ACTION ITEM | Without reproducing any image, print the listing below exactly.

MATERIAL PROVIDED |
--------

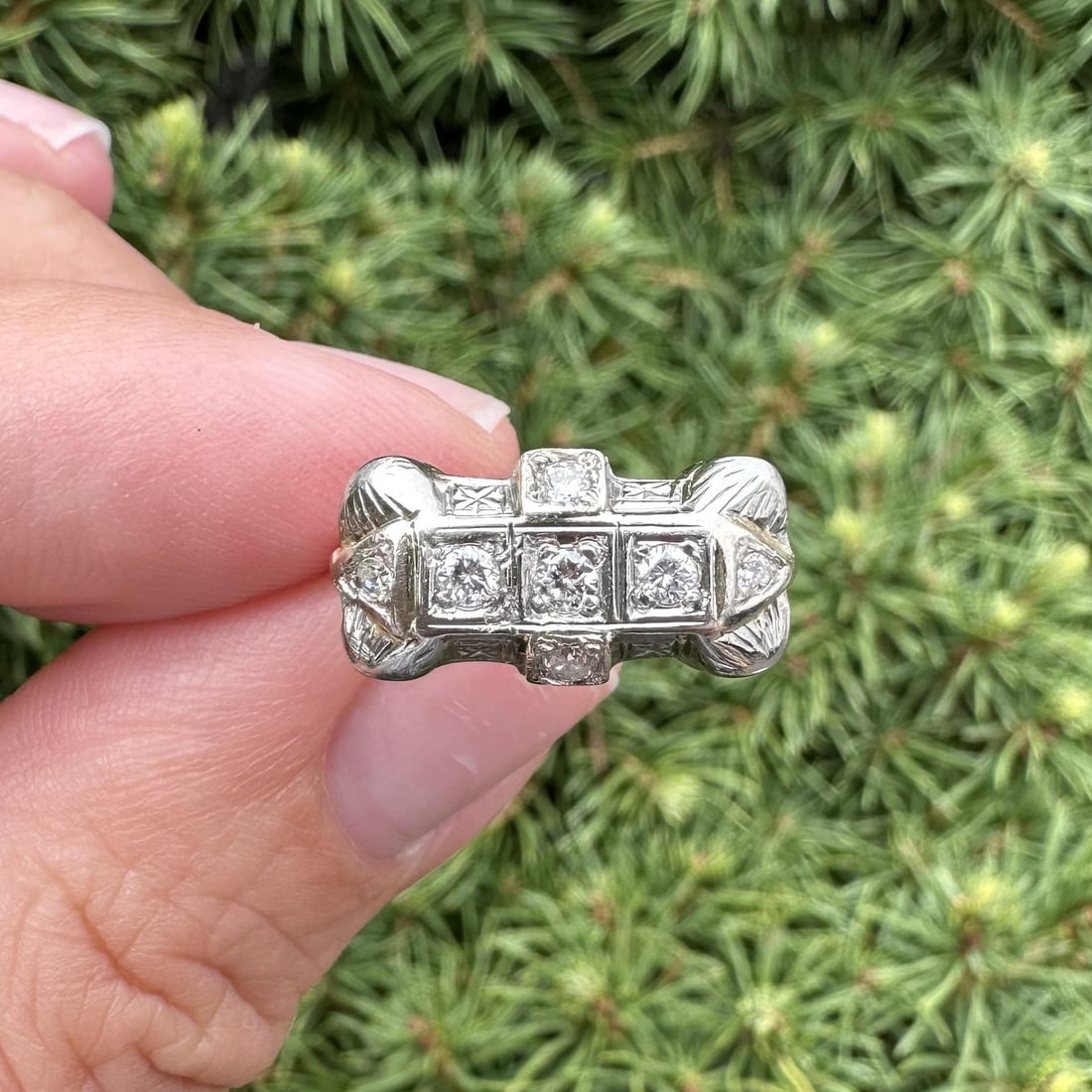 Antique Art Deco 17k-18k White Gold Diamond Wheat Band Ring: Antique Art Deco 17k-18k White Gold Diamond Wheat Band Ring This exquisite Antique Art Deco band ring showcases a unique East West design, elegantly crafted from solid white gold. Featuring seven natu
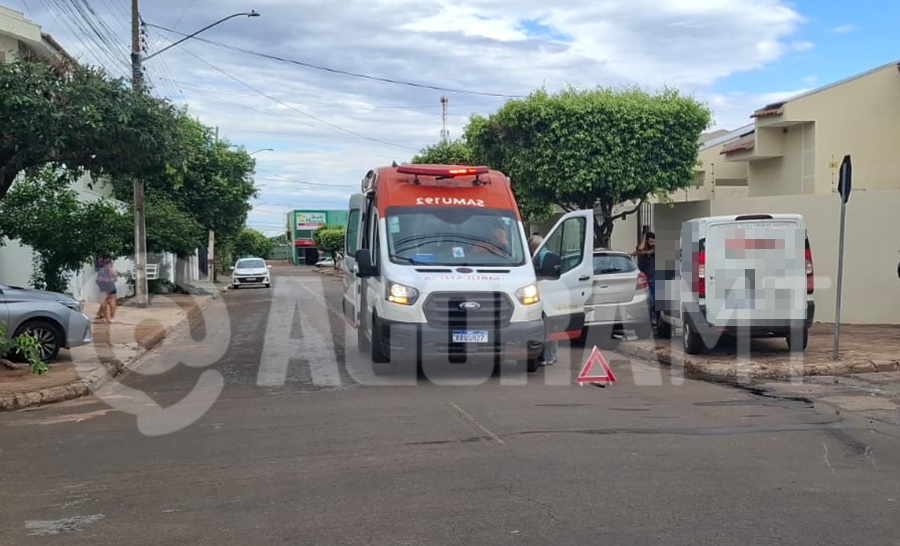 Imagem: Acidente no Residencial Buriti Acidente entre Fiorino e Ford ka deixa mulher ferida no Residencial Buriti em Rondonópolis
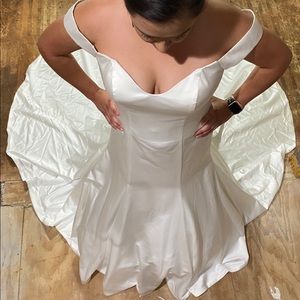 Unused wedding dress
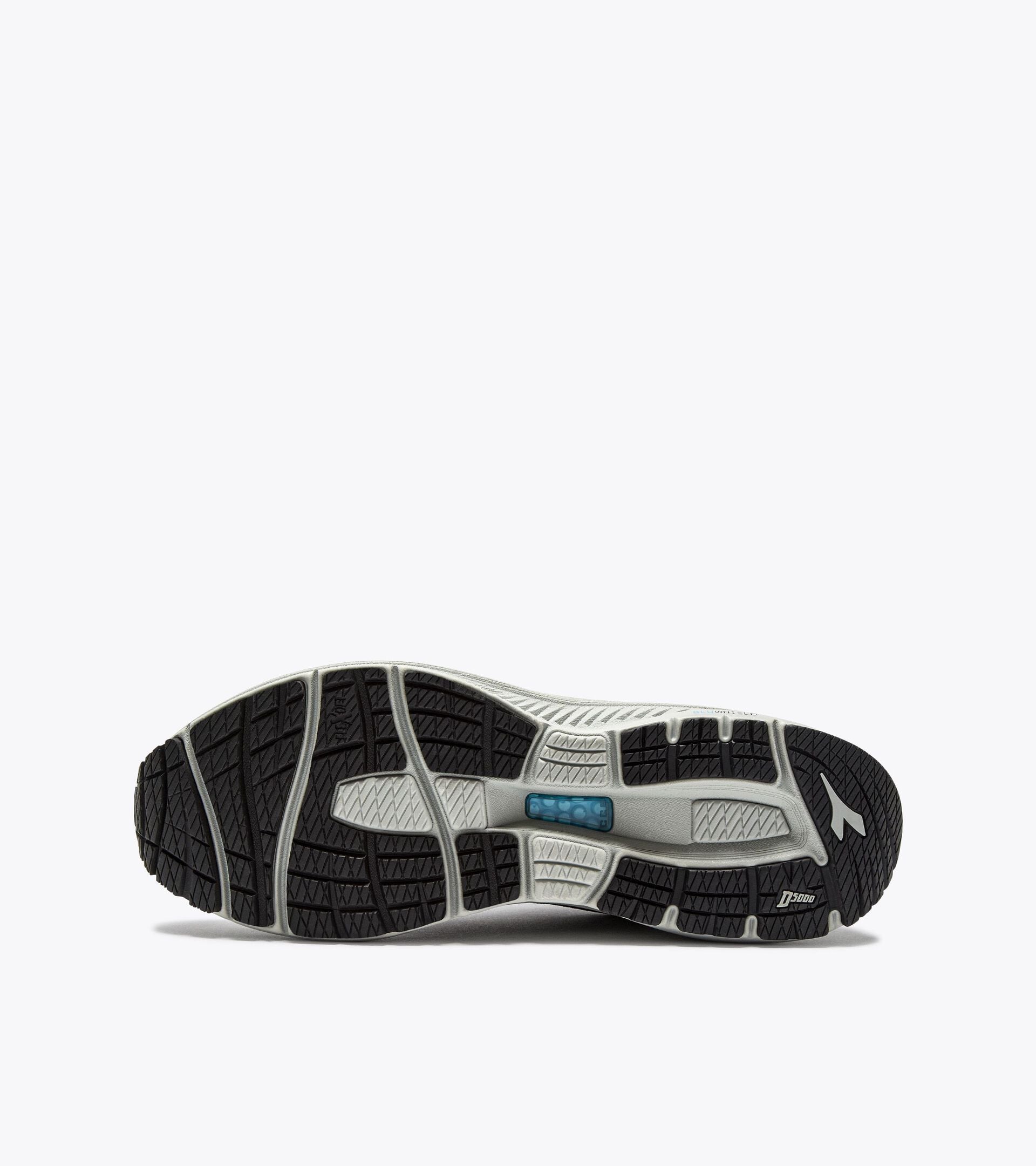 Diadora Mythos Blushield 10 Vortice Hip Black/Silver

--------

RESPONSE |
 Antique Art Deco 17k-18k White Gold Diamond Wheat Band Ring: Antique Art Deco 17k-18k White Gold Diamond Wheat Band Ring This exquisite Antique Art Deco band ring showcases a unique East West design, elegantly crafted from solid white gold. Featuring seven natu
 Imagem: Acidente no Residencial Buriti Acidente entre Fiorino e Ford ka deixa mulher ferida no Residencial Buriti em Rondonópolis
 Unused wedding dress
 Diadora Mythos Blushield 10 Vortice Hip Black/Silver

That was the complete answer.